Official White House Photo by Andrea HanksBy ELIZABETH THOMAS, ABC News

(WASHINGTON) — President Donald Trump on Wednesday threatened that Republicans will try to close down social media platforms a day after Twitter, for the first time, added a fact check to two of his tweets, specifically ones concerning his unsubstantiated claims about widespread mail-in voting fraud.

Trump said, in a tweet not naming any platforms, that “Republicans feel that Social Media Platforms totally silence conservative voices. We will strongly regulate, or close them down, before we can ever allow this to happen.”
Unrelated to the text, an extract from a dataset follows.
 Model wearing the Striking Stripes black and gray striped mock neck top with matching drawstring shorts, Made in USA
This comes a day after Twitter labeled Trump two of tweets with a fact check for the first time which claimed widespread mail-in voting fraud.

The president has long accused social media platforms of being biased against conservative voices. In July 2019 during a White House “Social Media Summit”, Trump attacked Facebook, Google and Twitter claiming them of having “terrible bias” and silencing his supporters.
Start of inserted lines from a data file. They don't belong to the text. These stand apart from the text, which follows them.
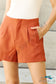 Every Little Thing Pleated High Waisted Shorts In Ochre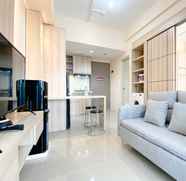 Lobby 2 Homey and Spacious 1BR Vasanta Innopark Apartment By Travelio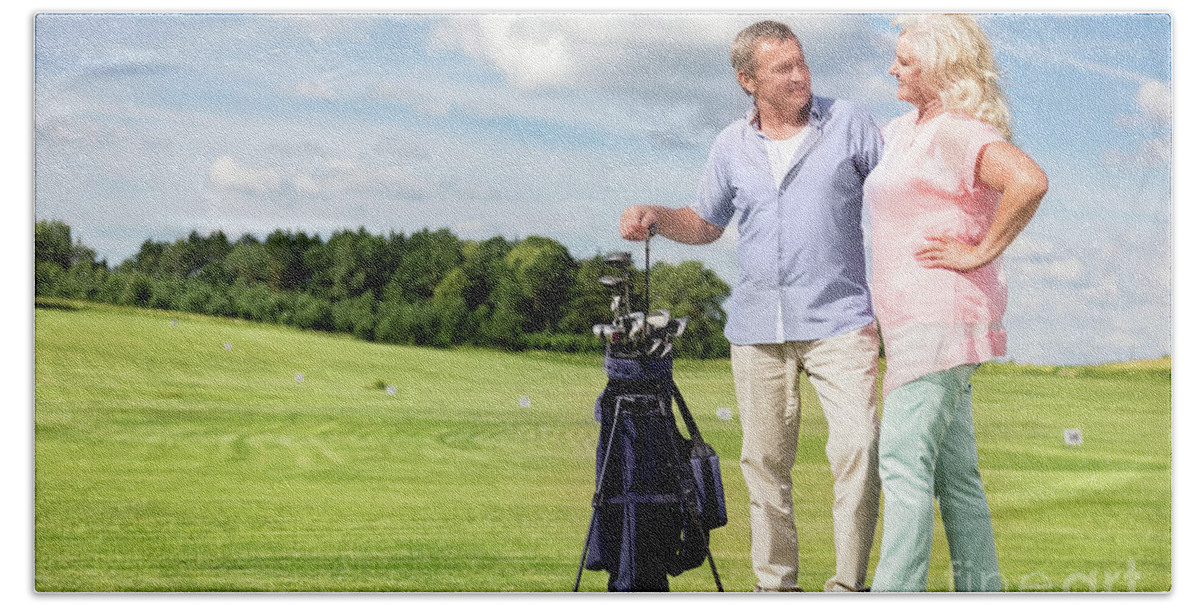 Golf Bath Towel featuring the photograph Senior couple enjoying golf game. #1 by Michal Bednarek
“A big subject today at the White House Social Media Summit will be the tremendous dishonesty, bias, discrimination and suppression practiced by certain companies,” Trump tweeted prior to the event. “We will not let them get away with it much longer.”

White House aide Kellyanne Conway backed up Trump’s attacks on Twitter’s new fact check feature Wednesday during an interview with Fox News, saying that they’re “relying upon the same people who attack him all day long to quote fact check him.”
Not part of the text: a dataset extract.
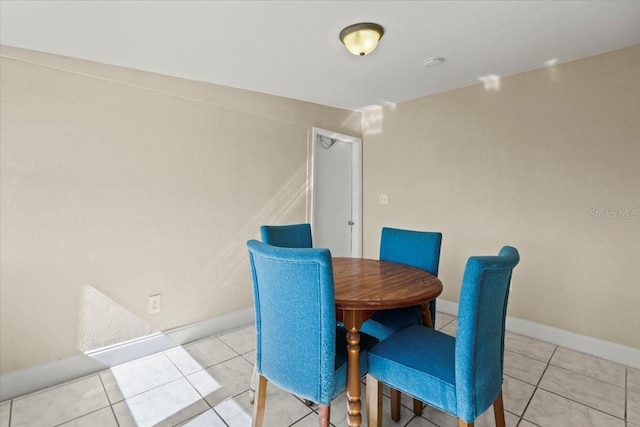 tiled dining room with baseboards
She took aim at Twitter’s head of integrity, Yoel Roth, spelling out his handle (@yoyoel) during a hit on Fox.
 
“Go and read what he said,” she said.

His past tweets have been making the rounds on Twitter amid all this, in particular this one from November 2016: “I’m just saying, we fly over those states that voted for a racist tangerine for a reason,” Roth tweeted.

On Tuesday evening, responding to Trump’s complaints about Twitter’s move, Missouri Republican Sen. Josh Hawley tweeted a threat similar to Trump’s.

The idea of regulating social media is not a new one brought forward by the president. Lawmakers have long searched for a way to rein in social media companies.

Sen. Marco Rubio weighed on Twitter’s new fact-check feature saying that “they have now decided to exercise an editorial role like a publisher then they should no longer be shielded from liability & treated as publishers under the law.”

“The law still protects social media companies like @Twitter because they are considered forums not publishers,” Rubio tweeted. “But if they have now decided to exercise an editorial role like a publisher then they should no longer be shielded from liability & treated as publishers under the law.”